I talked to Henderson about this several years ago and he recounted the conversations he had with Coach K, conversations that sounded like they could have come straight from the Auerbach playbook. "Initially, I had some doubts," he recalled. "I had always been a starter and I saw this as a demotion. I wanted to start. Coach told me I would be the one on the floor when the game was decided. Once I knew I was going to play in the crucial moments, I was all for it. Coach thought that I was tough enough to deliver lots of things off the bench, play D, bring energy and toughness to the team. I could do lots of things, fill a lot of roles."

Henderson was the definition of a proper sixth man in 1984 and 1985. Duke started Jay Bilas at center those two seasons, with Mark Alarie and Dan Meagher at forward. Alarie's ability to slip into the center role meant that Henderson could fill in for anyone of the three front-court starters. In a pinch, he could even come in at guard. Both seasons he was third on the team in scoring. His 13.5 scoring average in 1984 set the standard for Duke sixth-men. And he certainly was on the floor at the end of close games, winning numerous contests with a big basket or defensive stop.

Mike Krzyzewski has acknowledged Henderson's effectiveness on numerous occasions. Earlier this season he stated emphatically to the media "David Henderson was the best. He served as an example of what a sixth man could do."

Fast forward to last season. Jon Scheyer came to Duke as a key member of a touted freshman class. Scheyer started his first game, against Columbia, and scored a dozen points. Scheyer started all but one game the remainder of the season. He ended up averaging 12.2 points per game and made the ACC's All-Freshman first team. Naturally, he expected to start again this season.

But Mike Krzyzewski thought otherwise. "From the end of last year, he talked about the possibility of different guys starting," Scheyer says. "It wasn't directed to me, just general comments. At the beginning of this season, coach and I sat down and told me that anything could happen during the year but at the beginning I would come off the bench but I would finish games. He told me that he had confidence in me and I know that he does. I look at it as a challenge for me and if that's the best way I can help the team, I'll try to do the best I can."

Scheyer tries to put his time on the bench at the beginning of games to productive use. "I'm watching the guys I'm going in for, who're they guarding, what they like to do, defensively how they're guarding Gerald and DeMarcus what they're doing. I'm also seeing what's open on offense, who's playing off, who's playing up. So when I go in the game, I can take what we've learned going into the game from the scouting report and add it to what I'm seeing from the actual game."

The early returns certainly are favorable. Scheyer brings the required flexibility to the role. He can sub in for either DeMarcus Nelson or Gerald Henderson at one of the wing positions. He can come in for one of the bigs, when Duke decides to go small. Scheyer has even played some point guard this season. This means he can effectively come off the bench for any one of Duke's starters.

And he is effective. Scheyer led Duke with 22 points against New Mexico State and with 6 assists against North Carolina Central.
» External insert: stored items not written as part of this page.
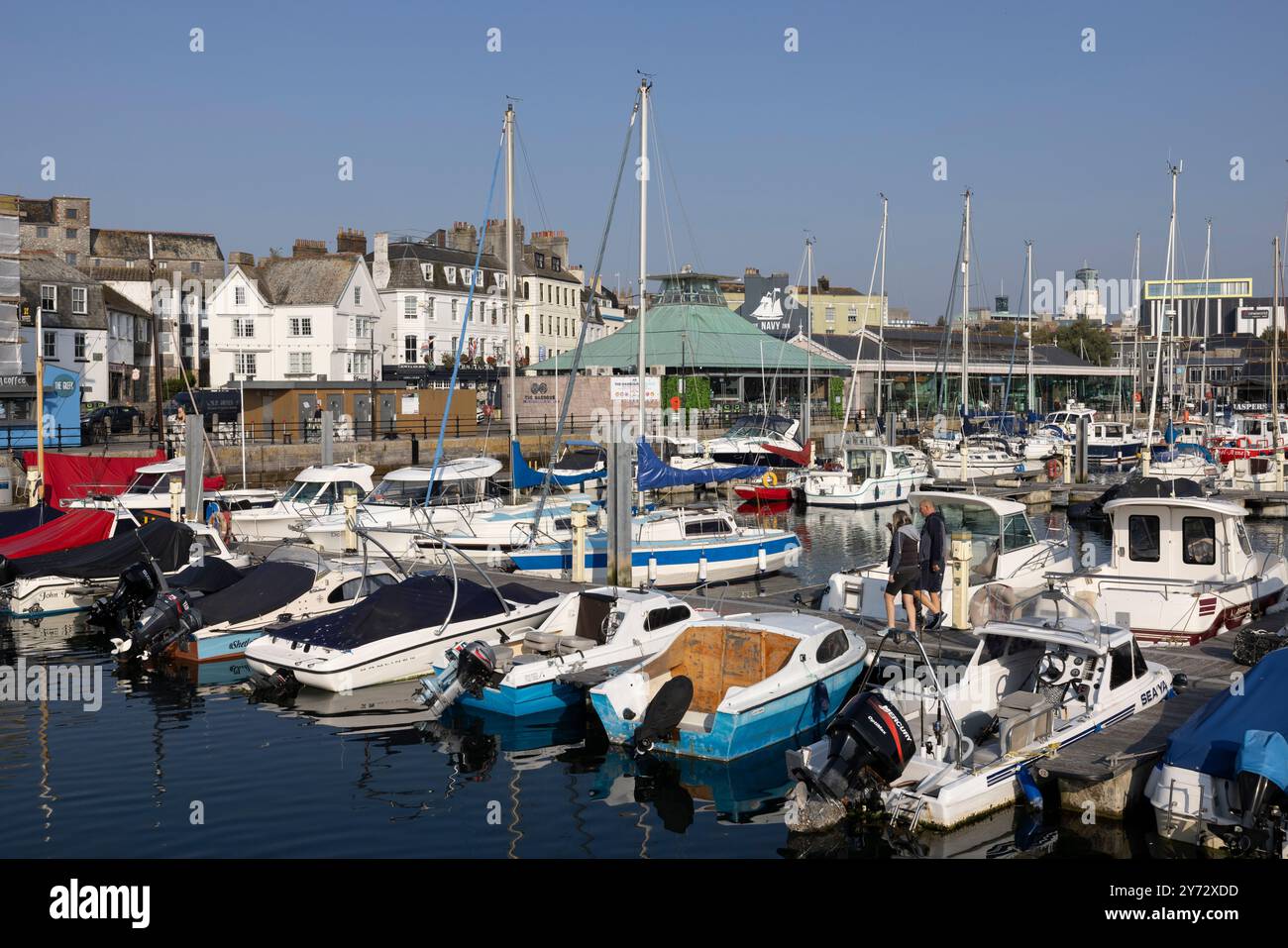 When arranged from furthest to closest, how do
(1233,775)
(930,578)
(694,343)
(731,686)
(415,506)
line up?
(694,343) → (415,506) → (930,578) → (731,686) → (1233,775)

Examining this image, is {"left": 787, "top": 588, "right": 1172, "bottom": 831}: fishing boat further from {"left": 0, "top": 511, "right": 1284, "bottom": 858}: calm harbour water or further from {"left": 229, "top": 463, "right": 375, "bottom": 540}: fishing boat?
{"left": 229, "top": 463, "right": 375, "bottom": 540}: fishing boat

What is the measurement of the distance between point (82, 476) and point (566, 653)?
24232mm

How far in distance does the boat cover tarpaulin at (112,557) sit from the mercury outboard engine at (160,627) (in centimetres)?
381

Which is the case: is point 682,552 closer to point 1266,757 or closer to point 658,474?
point 658,474

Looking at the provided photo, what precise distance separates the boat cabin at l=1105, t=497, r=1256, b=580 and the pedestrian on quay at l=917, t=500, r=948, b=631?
4.50 meters

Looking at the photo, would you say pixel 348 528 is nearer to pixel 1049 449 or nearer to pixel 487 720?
pixel 487 720

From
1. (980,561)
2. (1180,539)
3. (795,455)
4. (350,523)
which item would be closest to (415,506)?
(350,523)

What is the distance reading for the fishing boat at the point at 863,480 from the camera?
45.5m

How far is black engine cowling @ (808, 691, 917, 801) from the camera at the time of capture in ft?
43.5

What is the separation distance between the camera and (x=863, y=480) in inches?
1807

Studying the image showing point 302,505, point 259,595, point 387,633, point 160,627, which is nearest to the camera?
point 387,633

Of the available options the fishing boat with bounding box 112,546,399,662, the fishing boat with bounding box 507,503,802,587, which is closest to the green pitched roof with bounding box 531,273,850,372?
the fishing boat with bounding box 507,503,802,587

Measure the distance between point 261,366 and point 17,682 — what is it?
2023 inches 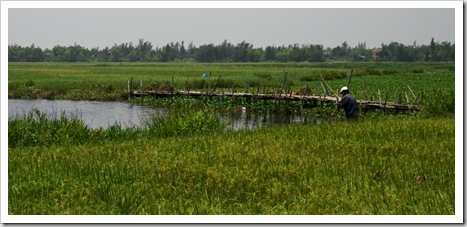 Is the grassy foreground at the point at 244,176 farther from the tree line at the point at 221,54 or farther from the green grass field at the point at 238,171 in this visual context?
the tree line at the point at 221,54

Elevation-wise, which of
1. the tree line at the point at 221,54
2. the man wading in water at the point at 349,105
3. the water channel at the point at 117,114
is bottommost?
the water channel at the point at 117,114

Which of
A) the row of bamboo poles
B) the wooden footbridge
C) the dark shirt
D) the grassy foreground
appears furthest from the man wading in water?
the grassy foreground

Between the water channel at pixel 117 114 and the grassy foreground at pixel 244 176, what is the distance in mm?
9302

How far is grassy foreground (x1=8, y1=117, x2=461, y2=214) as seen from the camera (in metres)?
7.24

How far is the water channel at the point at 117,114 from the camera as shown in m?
25.4

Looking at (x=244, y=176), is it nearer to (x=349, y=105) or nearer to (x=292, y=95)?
(x=349, y=105)

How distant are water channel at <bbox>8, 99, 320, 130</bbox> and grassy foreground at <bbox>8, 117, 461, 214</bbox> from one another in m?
9.30

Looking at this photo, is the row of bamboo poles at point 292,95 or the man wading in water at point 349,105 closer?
the man wading in water at point 349,105

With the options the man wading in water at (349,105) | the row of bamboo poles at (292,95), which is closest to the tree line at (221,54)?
the row of bamboo poles at (292,95)

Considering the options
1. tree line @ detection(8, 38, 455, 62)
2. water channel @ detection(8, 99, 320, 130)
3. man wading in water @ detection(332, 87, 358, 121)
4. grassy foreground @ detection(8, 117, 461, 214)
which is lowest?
grassy foreground @ detection(8, 117, 461, 214)

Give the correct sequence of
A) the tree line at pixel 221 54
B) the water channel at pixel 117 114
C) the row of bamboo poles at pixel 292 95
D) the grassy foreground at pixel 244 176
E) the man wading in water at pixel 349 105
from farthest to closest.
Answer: the tree line at pixel 221 54, the row of bamboo poles at pixel 292 95, the water channel at pixel 117 114, the man wading in water at pixel 349 105, the grassy foreground at pixel 244 176

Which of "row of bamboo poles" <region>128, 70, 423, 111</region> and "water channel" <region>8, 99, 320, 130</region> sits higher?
"row of bamboo poles" <region>128, 70, 423, 111</region>

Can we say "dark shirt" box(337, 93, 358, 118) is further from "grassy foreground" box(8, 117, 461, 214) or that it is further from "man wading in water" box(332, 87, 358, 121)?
"grassy foreground" box(8, 117, 461, 214) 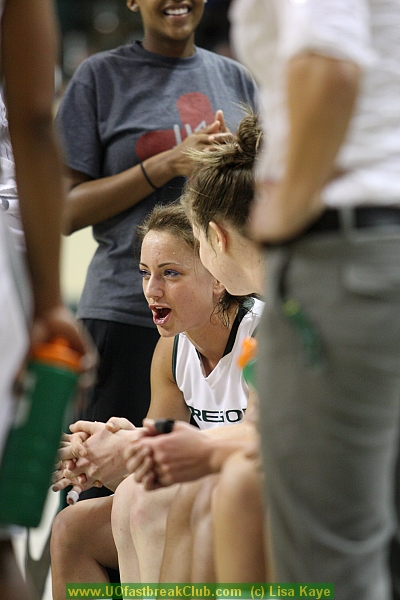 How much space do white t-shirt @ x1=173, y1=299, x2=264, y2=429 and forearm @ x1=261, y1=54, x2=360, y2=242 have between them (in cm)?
102

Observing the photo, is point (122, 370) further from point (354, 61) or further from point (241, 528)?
point (354, 61)

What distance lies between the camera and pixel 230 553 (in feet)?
3.79

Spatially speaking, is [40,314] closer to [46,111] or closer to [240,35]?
[46,111]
He's led Duke in rebounding three times. In fact, his 12 rebounds against Pittsburgh ties for the team lead for the season so far; Kyle Singler has a pair of 12-rebound performances. Scheyer certainly is in the game at crunch time, a given for a player who leads the team in foul shooting at 87.9% (I'm excluding Marty Pocius' 4-4 total). Scheyer is second only to Nelson in minutes played so far for Duke and ranks fourth in scoring and third in rebounds, assists, steals, and three-point percentage. Not bad for a lowly sub.

It's probably too early to declare the experiment a complete success. There's a lot of basketball left. But Scheyer is pleased with the way it's going. "Coach K talks to me a lot about how good David Henderson was as a sixth man and how Grant Hill came off the bench some and they were really good players. It's something I feel comfortable doing. We're playing pretty well right now and I feel confident coming off the bench."